Once again, Andrew Sullivan:
So here’s what I’d ask of readers who say that I have Trump Derangement Syndrome: tell me how you personally parse all these claims that were a mere warmup for the rest. When you heard him say he was better than George Washington, did you giggle? Did you just ignore it? Did you roll your eyes? Did you feel a tinge of nausea? Did you actually believe it? Or have you stopped caring altogether?
This matters because it is central to Trump’s success: no sane person with a grip on reality — unless they had just arrived from outer space — could believe vast tracts of his speech. With huge self-evident lie after huge self-evident lie, insane exaggeration after insane exaggeration, you are instantly forced to choose between walking away from the nutter or acquiescing to his madness. And since he is president, you can’t walk away.
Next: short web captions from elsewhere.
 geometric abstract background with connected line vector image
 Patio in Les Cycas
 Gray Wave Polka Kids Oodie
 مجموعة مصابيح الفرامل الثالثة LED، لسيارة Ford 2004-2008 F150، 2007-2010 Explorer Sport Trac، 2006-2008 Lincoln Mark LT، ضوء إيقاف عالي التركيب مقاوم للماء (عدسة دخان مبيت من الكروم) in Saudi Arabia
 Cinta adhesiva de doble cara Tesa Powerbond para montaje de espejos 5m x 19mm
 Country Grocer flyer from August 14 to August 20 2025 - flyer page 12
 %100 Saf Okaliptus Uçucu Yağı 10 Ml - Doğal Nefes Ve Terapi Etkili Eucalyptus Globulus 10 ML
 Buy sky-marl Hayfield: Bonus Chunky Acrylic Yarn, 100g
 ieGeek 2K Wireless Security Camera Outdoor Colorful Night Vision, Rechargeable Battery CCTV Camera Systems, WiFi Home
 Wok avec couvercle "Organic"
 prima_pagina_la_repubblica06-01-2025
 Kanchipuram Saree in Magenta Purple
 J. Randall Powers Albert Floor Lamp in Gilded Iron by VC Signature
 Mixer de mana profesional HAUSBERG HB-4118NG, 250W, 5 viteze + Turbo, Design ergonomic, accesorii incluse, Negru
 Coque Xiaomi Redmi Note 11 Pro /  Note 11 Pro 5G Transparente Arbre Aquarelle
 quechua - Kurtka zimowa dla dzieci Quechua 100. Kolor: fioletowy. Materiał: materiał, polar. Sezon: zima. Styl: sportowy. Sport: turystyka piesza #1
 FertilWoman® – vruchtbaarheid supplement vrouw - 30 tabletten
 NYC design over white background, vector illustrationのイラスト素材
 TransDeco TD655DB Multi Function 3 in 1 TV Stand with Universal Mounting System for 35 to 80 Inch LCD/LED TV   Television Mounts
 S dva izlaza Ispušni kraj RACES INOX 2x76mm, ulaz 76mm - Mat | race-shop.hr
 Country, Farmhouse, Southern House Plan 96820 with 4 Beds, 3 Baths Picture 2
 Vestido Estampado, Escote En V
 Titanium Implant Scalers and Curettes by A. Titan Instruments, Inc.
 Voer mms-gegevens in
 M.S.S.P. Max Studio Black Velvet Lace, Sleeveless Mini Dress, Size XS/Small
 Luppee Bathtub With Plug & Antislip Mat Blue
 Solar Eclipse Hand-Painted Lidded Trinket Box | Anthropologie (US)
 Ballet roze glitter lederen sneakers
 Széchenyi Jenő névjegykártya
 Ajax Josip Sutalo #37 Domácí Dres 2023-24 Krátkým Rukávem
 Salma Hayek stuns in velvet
So the lies become Truth for millions; narrative replaces reality; aggressors are victims; exploding debt is fiscal prudence; weaponization of the law is anti-weaponization; and on and on.
The best metaphor for Trump’s entire raison d’être is the incident cited above, when at just five years old, he was found throwing rocks at a baby: find someone weaker, first humiliate them, and then destroy them. And for Trump, this doesn’t have to lead anywhere. It is an end in itself. The bullying of others is what gives him life. He does it for those he favors as well as those he wants to destroy. Here is Trump on Truth Social in July last year, for example, on Musk. This is necessary even for Trump’s allies:
When Elon came … asking me for help on all his many subsidized projects … I could have said “drop to your knees and beg” and he would have done it.
Canada and Mexico are best understood as the baby in the playpen. Trump himself re-negotiated a trade agreement with both in his first term. Have they violated that deal? No. Have they refused to cooperate on fentanyl and illegal migrants? No. Has Mexico reduced the pressure on the Southern border to almost nothing. Dramatically. Is there anything they can or could do to please Trump? No. The point is the abuse. And like all abusers, Trump constantly shifts what he is demanding, gaslights, threatens, charms, attacks … so that you begin to realize there is nothing you can do except wait for his mood to change. Welcome to monarchy.
The abuse is the point.
Avoid hysteria, which Trump wants and exploits. But avoid also being co-opted by a single one of his lies, to see clearly, and to speak simply. Read those you disagree with; get off most social media; choose doubt over certainty; restraint over impulse; resist this authoritarian and irrational moment by refocusing above all on the simple truth, as best as you can, and fighting all those on both extremes trying to annihilate it.
Get off social media. Choose doubt over certainty.